Uluslararası bir sömürü mantığının hakim olduğu global dünyada gelişme sürecindeki ülkeler, ancak kendi sosyal ve iktisadi yapılarına uygun bir milli ekonomi modelini hayata geçirdikleri taktirde kalkınmalarını tamamlayabilirler.
Küreselleşme ve Türkiye
Stratejik, coğrafi ve jeopolitik öneme haiz bir ülke olmamız yanında, tarihi misyonumuz, sahip olduğumuz yeraltı ve yerüstü kaynakları ve doğal zenginlikler artı topraklarımızın farklı inançlar açısından ifade ettiği mana sebebiyle ülkemiz küresel oyunların hemen her türlüsüne sahne olmaktadır. Uluslararası para spekülatörleriyle ortak çalışan IMF dış kredilerle elimizi kolumuzu bağlayıp, işimizi bitirmenin peşindeyken, AB de bizi arasına alma vaadiyle açıkça bölüp parçalamaya çalışmaktadır.
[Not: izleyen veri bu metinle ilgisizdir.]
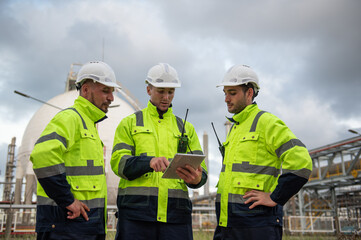 Refinery industry, engineer working in industrial production, oil and gas refinery plant industry factory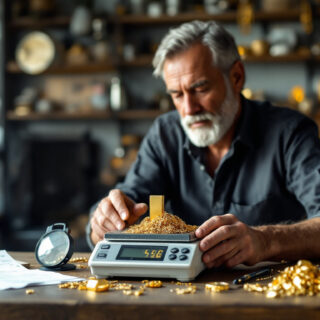 Goldankäufer wiegt Altgold und Bruchgold auf einer Feinwaage, daneben Lupe und Ankaufsbeleg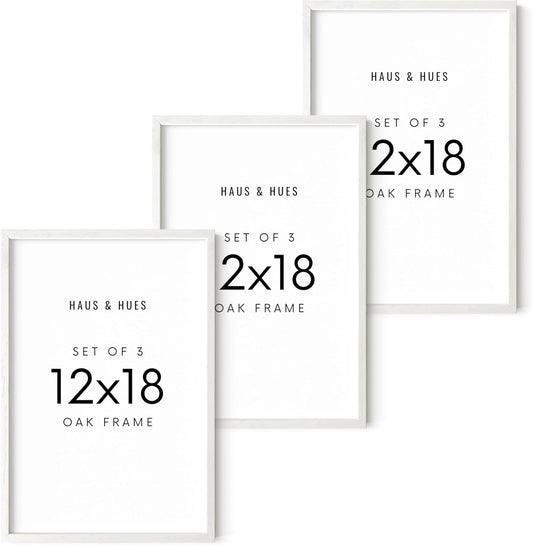 HAUS AND HUES 12x18 Picture Frames For Wall - Set Of 3 Poster Frames 12x18, Picture Frames 12x18, Poster Frame Set Of 3, 12x18 Frames, Frames 12 X 18, Photo Frames 12x18 (White Frame)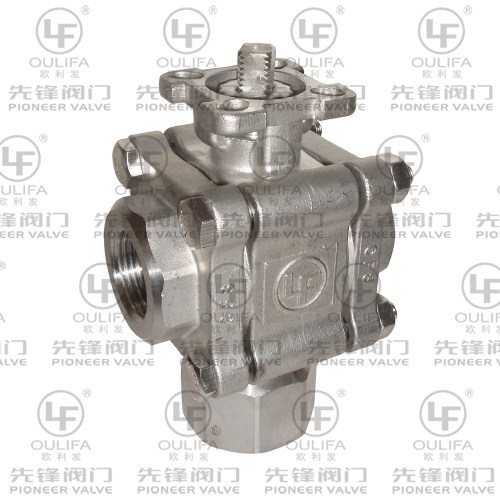 三片式垂直三通球阀 PQ13F-2000PSI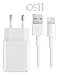 Produktbild OKCS Ladeset - USB Ladekabel 3M + 2A Netzteil für Apple iPhone X, 8, 8 Plus, 7, 7 Plus etc. - Weiß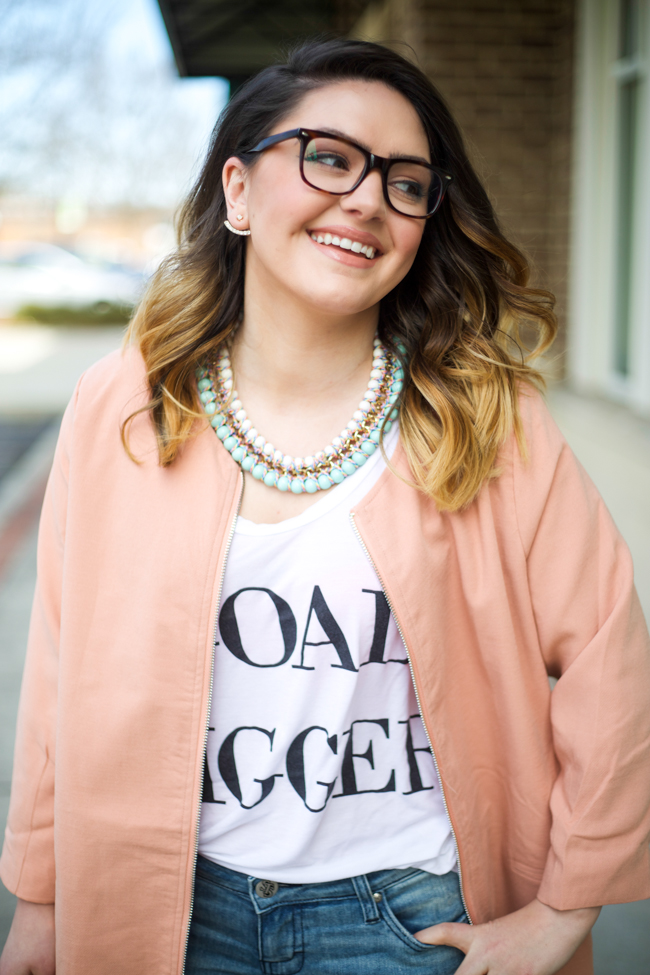 Mae Amor- blush longline duster coat, distressed boyfriend jeans, Goal Digger tee, Kate Spade, BaubleBar collar necklace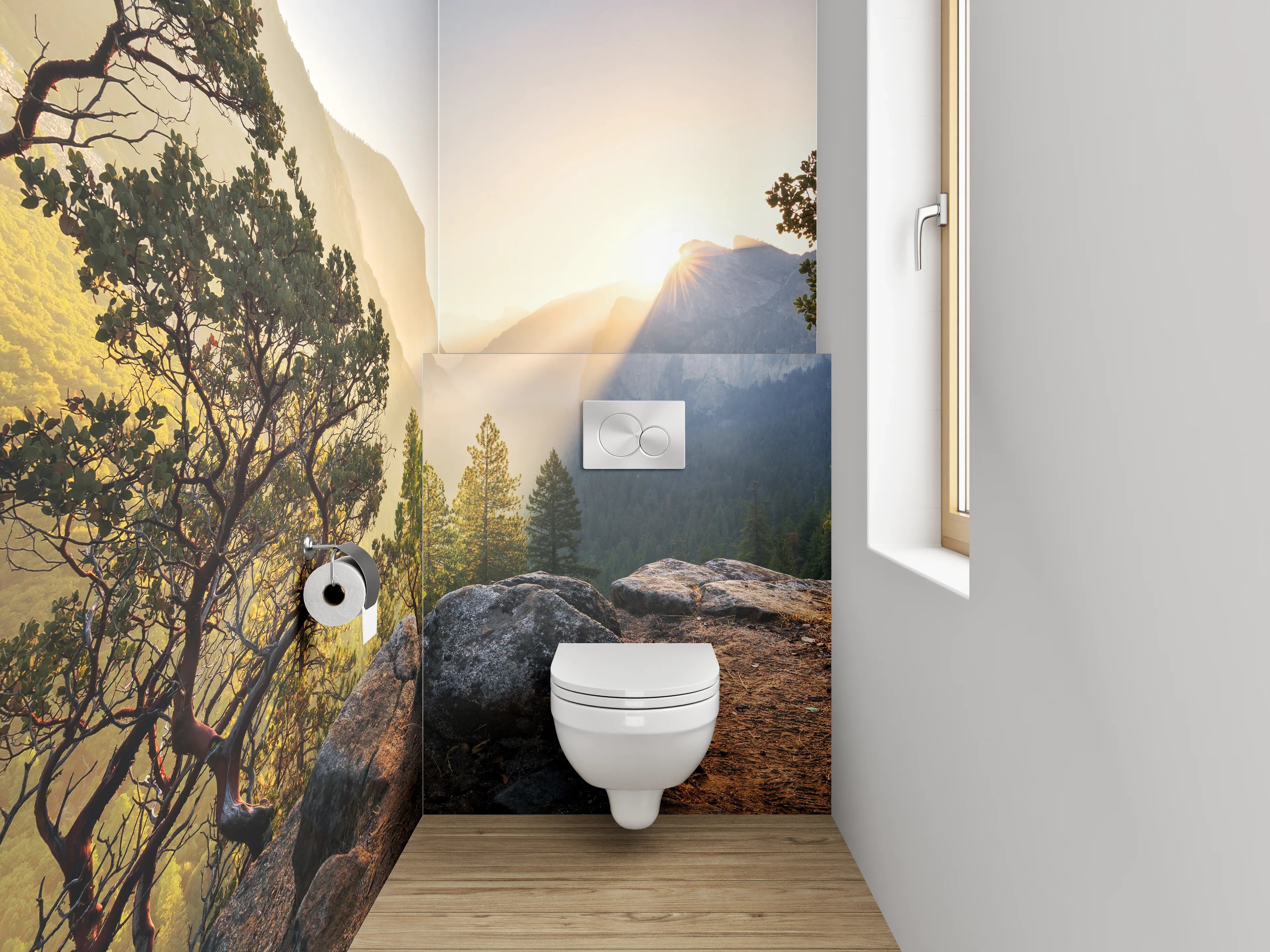 WC-Rückwand - Morgenstimmung in den Bergen mit Sonnenstrahlen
Orduyu ve devleti küçültmemiz, Güneydoğu'dan, Kıbrıs'tan, Ege'den vazgeçmemiz, stratejik kurumları satışa çıkarmamız, her sahada dışarıya "tam bağımlı" bir hale gelmemiz... küresel dünyada bize biçilen rol, 1919'un şartlarıyla tam bir paralellik arz ediyor.
Bu karamsar tablo içerisinde Prof. Dr. Haydar Baş Bey'in ortaya koyduğu milli model bir kurtuluş reçetesidir. Bu modelde; ekonomi, tarım, sanayi, hukuk vs. her alanda tam bağımsız olmak ve tamamen kendi insanımızın emeğini devreye koyarak kalkınmak esastır. Bu görüşler aynı zamanda dünya çapında ödül almış fikirlerdir. Küresel ölçülerin hakim olduğu bir dünyada bundan farklı bir kalkınma modeliyle başarıya ulaşmak da mümkün değildir.
Milli Ekonomi modelinde maksat ülkemizin kalkınması ve ekonomik bağımsızlığıdır. Türkiye her türlü mal ve hizmet üretme gücüne sahip olmalı, iç ve dış ödemeleri borçlanmadan temin edebilmelidir.
Milli ekonomi modelinin esasları
1. Uluslararası sermayenin yürüttüğü ekonomik savaştan dolayı ülkemizde reel sektör büyük yatırım ve organizasyonları gerçekleştirecek projeleri hayata geçirmekten uzaklaşmıştır.
2. Bu noktada devlet yeni ürünler geliştiren, yeni pazarlar bulan, yeni teknik ve yöntemlerin uygulandığı ve büyük sermaye yatırımlarının gerektiği alanlara girip, mamul ve yarı mamul üreterek reel sektöre öncülük yapmalı, uzun vadede üretimimiz ve istikrarın sağlanması için stratejik malların üretimi garanti altına alınmalıdır (Yani devlet güçlü olmalıdır).
3. Reel sektör faaliyet dışı gelirlerle değil üretimle para kazanmaya yönlendirilmelidir.
4. Üreticinin sıfır maliyetle sermaye elde edebilmesi için, emisyonun genişletilmesi ve faiz giderlerinin kaldırılmasıyla elde edilecek kaynak proje mukabili müteşebbise verilmelidir.
5. Sigorta, vergi ve enerji gelirleri aşağıya çekilerek maliyetlerin düşürülmesi temin edilmeli, bu sayede halkımıza dış piyasa koşullarında rekabet edebilecek mal sağlanmış olacaktır.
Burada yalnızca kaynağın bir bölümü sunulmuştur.